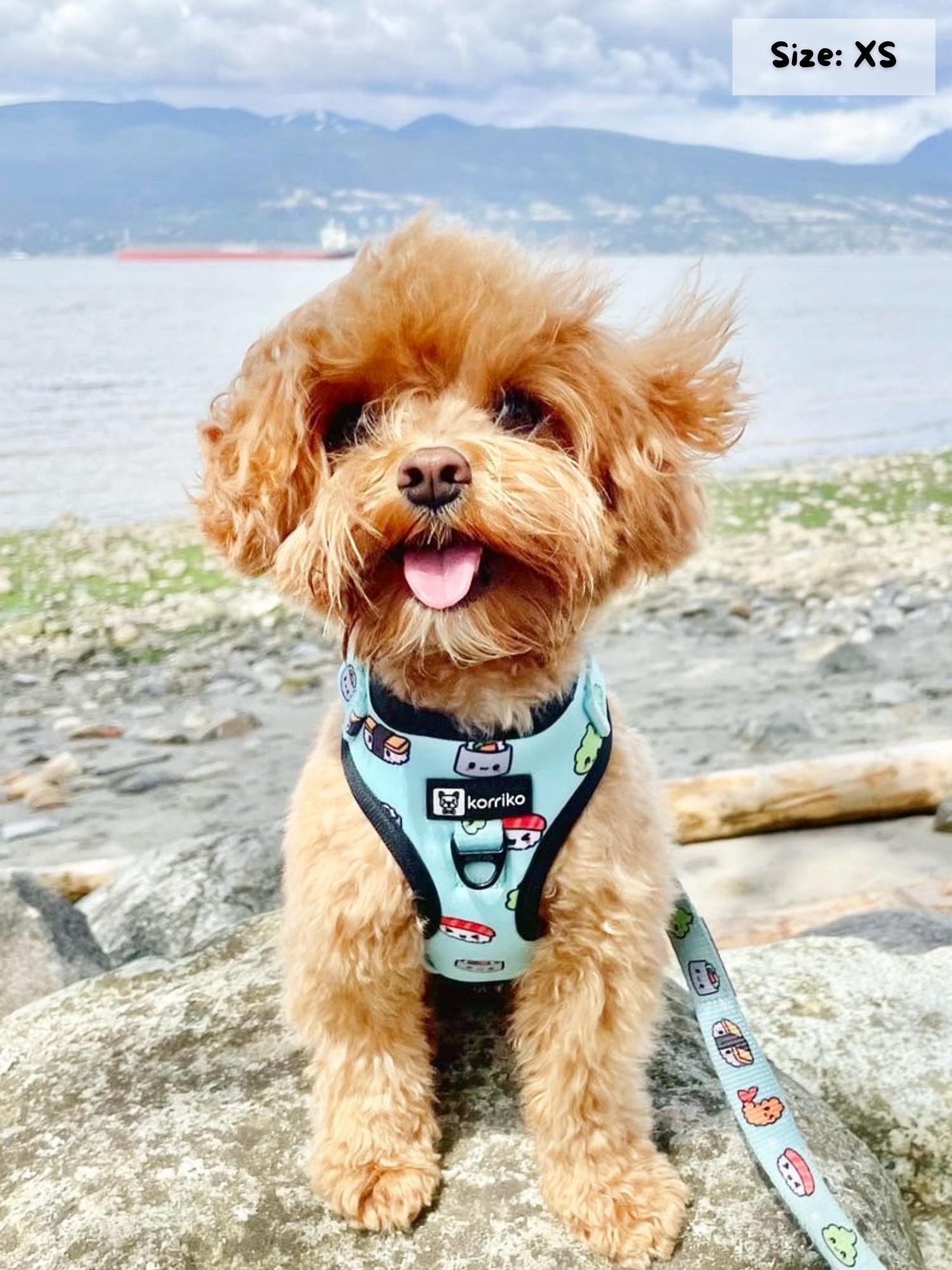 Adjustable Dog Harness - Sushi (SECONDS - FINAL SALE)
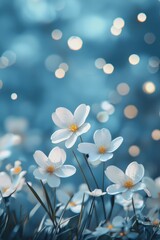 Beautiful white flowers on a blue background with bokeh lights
---
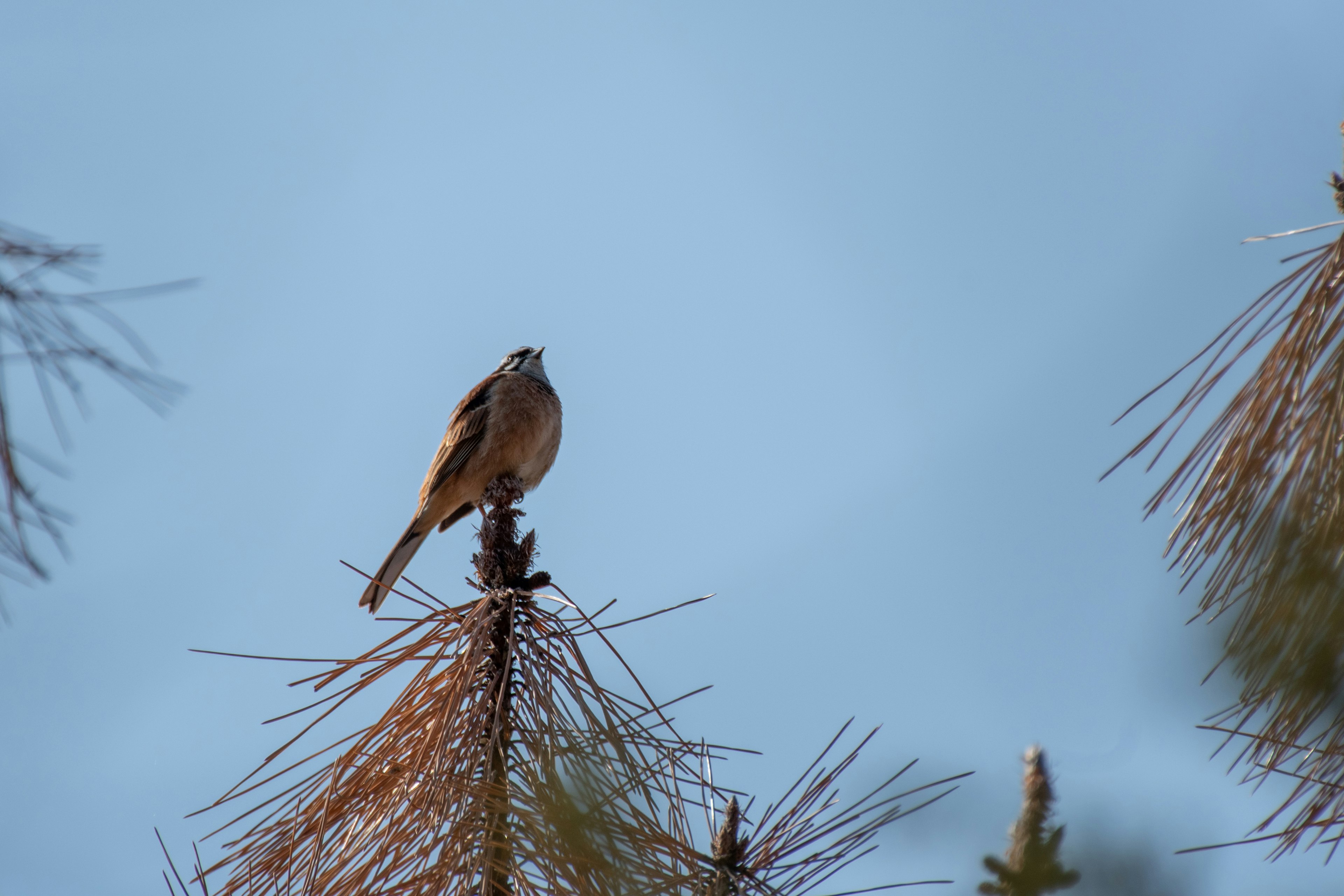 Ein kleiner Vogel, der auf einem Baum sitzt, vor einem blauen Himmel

* Description of the task: Reproduce the entries exactly, from the line with "Adjustable Dog Harness" to the line with "Beautiful white flowers", both lines included, keeping no pictures.

* Answer to the problem:
 Adjustable Dog Harness - Sushi (SECONDS - FINAL SALE)
 Beautiful white flowers on a blue background with bokeh lights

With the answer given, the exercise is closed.